Scraping Images from traffic cam URLs to do ML.

A Node.js script to scrape traffic cam images from Exelis’ Helios Weather Platform's open data API and stream it to an AWS S3 bucket.

Weather forecast are linked to each image using datapoint-js and pipe to a DynamoDB table.

To process the images and to do some machine learning, I use TensorFlow and the jupyter notebook.

Have a look at the CADL project! I found it very helpful to begin with ML in python.

Keys

Disclaimer: Note that the following environmental variables need to be set up:

AWS API keys

HELIOS API keys

DATAPOINT API keys

So you need account on all of those platforms.

Personally, I put all those keys in a credentials.sh file with other recurring data:

$ #!/usr/bin/env bash

export HELIOS_API_ID =
export HELIOS_API_SECRET =

export DATAPOINT_KEY =

export REGION =
export AWS_ACCESS_KEY =
export AWS_SECRET_ACCESS_KEY =
export BUCKET =
export TABLE =

export CSV_FILE =

Obviously you have to fill this file with your own keys.

Don't forget to run it before running the main code (src/index.js):

$ . ./credentials.sh

Installation

You need to install some modules (package.json).

Just type the following command line in your terminal:

$ npm install

For more information, it's here!

Set up before running index.js

credentials.sh

To do my way, create and complete the entire credentials.sh file:

  • The region of your present AWS server
  • The name of the S3 bucket you want the images to be store
  • The name of the DynamoDB table you want all the weather data to be put
  • The name of your present working csv file

There are two csv file: webcams.csv and webcams1.csv.
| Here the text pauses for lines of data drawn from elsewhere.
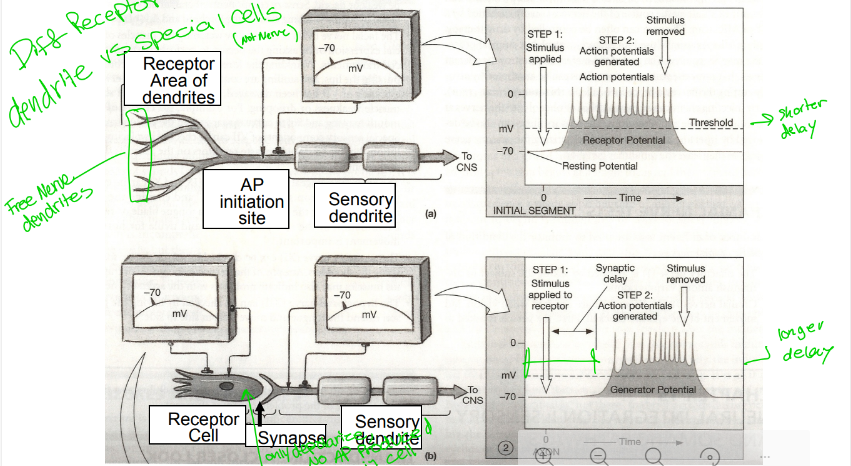 <p>Do specialized sensory receptor cells have a shorter or longer delay?</p>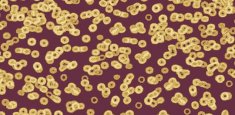 990501 Bacteria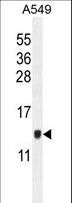 KRTCAP2 Antibody - KTAP2 Antibody western blot of A549 cell line lysates (35 ug/lane). The KTAP2 antibody detected the KTAP2 protein (arrow).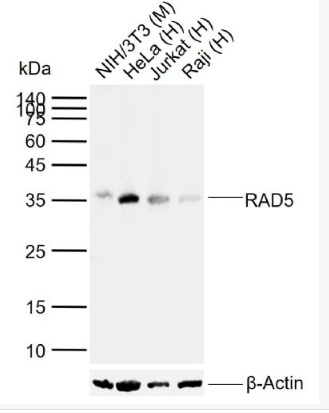 Anti-RAD51 antibody-Rad51单克隆抗体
The first one contain the URLs, the latitudes and the longitudes for every traffic cameras.

The second one contain only one camera.

Both of them have the same header.

Again, don't forget to set up your environment variables.

ATTENTION:

Scraping on your own machine can take a very long time with the whole cams file. You might want to split it. That way, be aware to save the new file as a csv in the resources folder.

AWS

You have to create your own bucket and your own table on AWS.

For the DynamoDB table, I chose to use the camera Id as the primary key. I also add a sort key: the time the image as been scrapped. That way, every item is unique.

The name of the images in S3 follows this pattern: cameraId_scrapeTime.jpg.

index.js

If you want to set up a cron job, uncomment the lines 270 to 273 (and comment the line 268). See documentation for time settings:

//        go());

        new CronJob('* * * * * *', function() {
            go()
        }, null, true, 'Europe/London')
    );

How to run index.js

It's using Node.js. So to run it from the main directory, write this command:

node src/index.js

ML thanks to CADL

The session-1-traffic-cams.ipynb file is my own version (not entirely completed!) of the session-1.ipynb file of the CADL project.

For this ML tutorial, you will need a set of 100 traffic cam images. A dataset of images is already prepared in the resources/Images folder.

The other sessions of the CADL project are the next step of this ML project.

To go further ...

Lambda function

You can avoid to use your own machine for the CronJob by using AWS Lambda service. It would fix the problem of size of the csv file and allowed you to scrape anytime, anywhere.

You can use a command line tool called kappa. Deploy, update, and test your Lambda functions should be easier.

Get data from AWS

The get_data.ipynb file let you check the data you've stored on AWS.

It's using boto3.

Choose an existing cameraId and an existing scrapeTime of your DB. The image and the metadata should be display in your notebook.

Scrape the URLs

As you've probably noticed, to scrape the traffic cam images, I had to scrape the traffic cam URLs to create the webcams.csv file.

To do so, have look at the src/scrapingURL folder.

Keys need to be set up in the .js file. You can run the .html file in your browser (I use Firefox). You will see an empty cell aking you " Go? ". Wait the scrape to be over and type " YES " to download the csv file. It would be download with a random name.